Problem> For this exercise, transcribe all of the entries exactly.

Records shown>
· · · · ·
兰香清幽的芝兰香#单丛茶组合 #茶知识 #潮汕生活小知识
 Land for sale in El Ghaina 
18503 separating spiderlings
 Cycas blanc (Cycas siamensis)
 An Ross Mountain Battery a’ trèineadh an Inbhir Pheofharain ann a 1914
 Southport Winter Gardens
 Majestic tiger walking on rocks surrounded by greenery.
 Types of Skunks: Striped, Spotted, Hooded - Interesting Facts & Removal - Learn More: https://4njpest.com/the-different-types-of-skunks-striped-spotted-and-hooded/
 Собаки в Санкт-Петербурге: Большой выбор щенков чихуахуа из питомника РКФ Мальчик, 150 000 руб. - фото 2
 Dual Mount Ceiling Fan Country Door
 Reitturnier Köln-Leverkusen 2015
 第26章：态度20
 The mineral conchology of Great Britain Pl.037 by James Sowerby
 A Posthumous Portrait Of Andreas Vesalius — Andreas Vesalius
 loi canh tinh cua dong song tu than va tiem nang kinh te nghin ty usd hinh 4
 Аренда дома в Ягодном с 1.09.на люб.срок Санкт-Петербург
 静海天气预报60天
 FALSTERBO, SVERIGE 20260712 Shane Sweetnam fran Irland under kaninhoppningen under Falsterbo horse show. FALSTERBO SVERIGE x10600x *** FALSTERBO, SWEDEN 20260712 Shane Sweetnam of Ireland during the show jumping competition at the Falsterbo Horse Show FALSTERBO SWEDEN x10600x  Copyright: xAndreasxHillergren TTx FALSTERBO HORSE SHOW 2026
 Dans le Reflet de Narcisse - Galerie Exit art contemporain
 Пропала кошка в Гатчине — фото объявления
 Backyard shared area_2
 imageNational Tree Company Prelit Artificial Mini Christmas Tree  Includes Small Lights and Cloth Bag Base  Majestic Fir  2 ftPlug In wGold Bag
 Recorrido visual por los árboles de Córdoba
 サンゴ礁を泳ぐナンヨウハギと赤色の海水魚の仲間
· · · · ·
Response to the exercise>
兰香清幽的芝兰香#单丛茶组合 #茶知识 #潮汕生活小知识
 Land for sale in El Ghaina 
18503 separating spiderlings
 Cycas blanc (Cycas siamensis)
 An Ross Mountain Battery a’ trèineadh an Inbhir Pheofharain ann a 1914
 Southport Winter Gardens
 Majestic tiger walking on rocks surrounded by greenery.
 Types of Skunks: Striped, Spotted, Hooded - Interesting Facts & Removal - Learn More: https://4njpest.com/the-different-types-of-skunks-striped-spotted-and-hooded/
 Собаки в Санкт-Петербурге: Большой выбор щенков чихуахуа из питомника РКФ Мальчик, 150 000 руб. - фото 2
 Dual Mount Ceiling Fan Country Door
 Reitturnier Köln-Leverkusen 2015
 第26章：态度20
 The mineral conchology of Great Britain Pl.037 by James Sowerby
 A Posthumous Portrait Of Andreas Vesalius — Andreas Vesalius
 loi canh tinh cua dong song tu than va tiem nang kinh te nghin ty usd hinh 4
 Аренда дома в Ягодном с 1.09.на люб.срок Санкт-Петербург
 静海天气预报60天
 FALSTERBO, SVERIGE 20260712 Shane Sweetnam fran Irland under kaninhoppningen under Falsterbo horse show. FALSTERBO SVERIGE x10600x *** FALSTERBO, SWEDEN 20260712 Shane Sweetnam of Ireland during the show jumping competition at the Falsterbo Horse Show FALSTERBO SWEDEN x10600x  Copyright: xAndreasxHillergren TTx FALSTERBO HORSE SHOW 2026
 Dans le Reflet de Narcisse - Galerie Exit art contemporain
 Пропала кошка в Гатчине — фото объявления
 Backyard shared area_2
 imageNational Tree Company Prelit Artificial Mini Christmas Tree  Includes Small Lights and Cloth Bag Base  Majestic Fir  2 ftPlug In wGold Bag
 Recorrido visual por los árboles de Córdoba
 サンゴ礁を泳ぐナンヨウハギと赤色の海水魚の仲間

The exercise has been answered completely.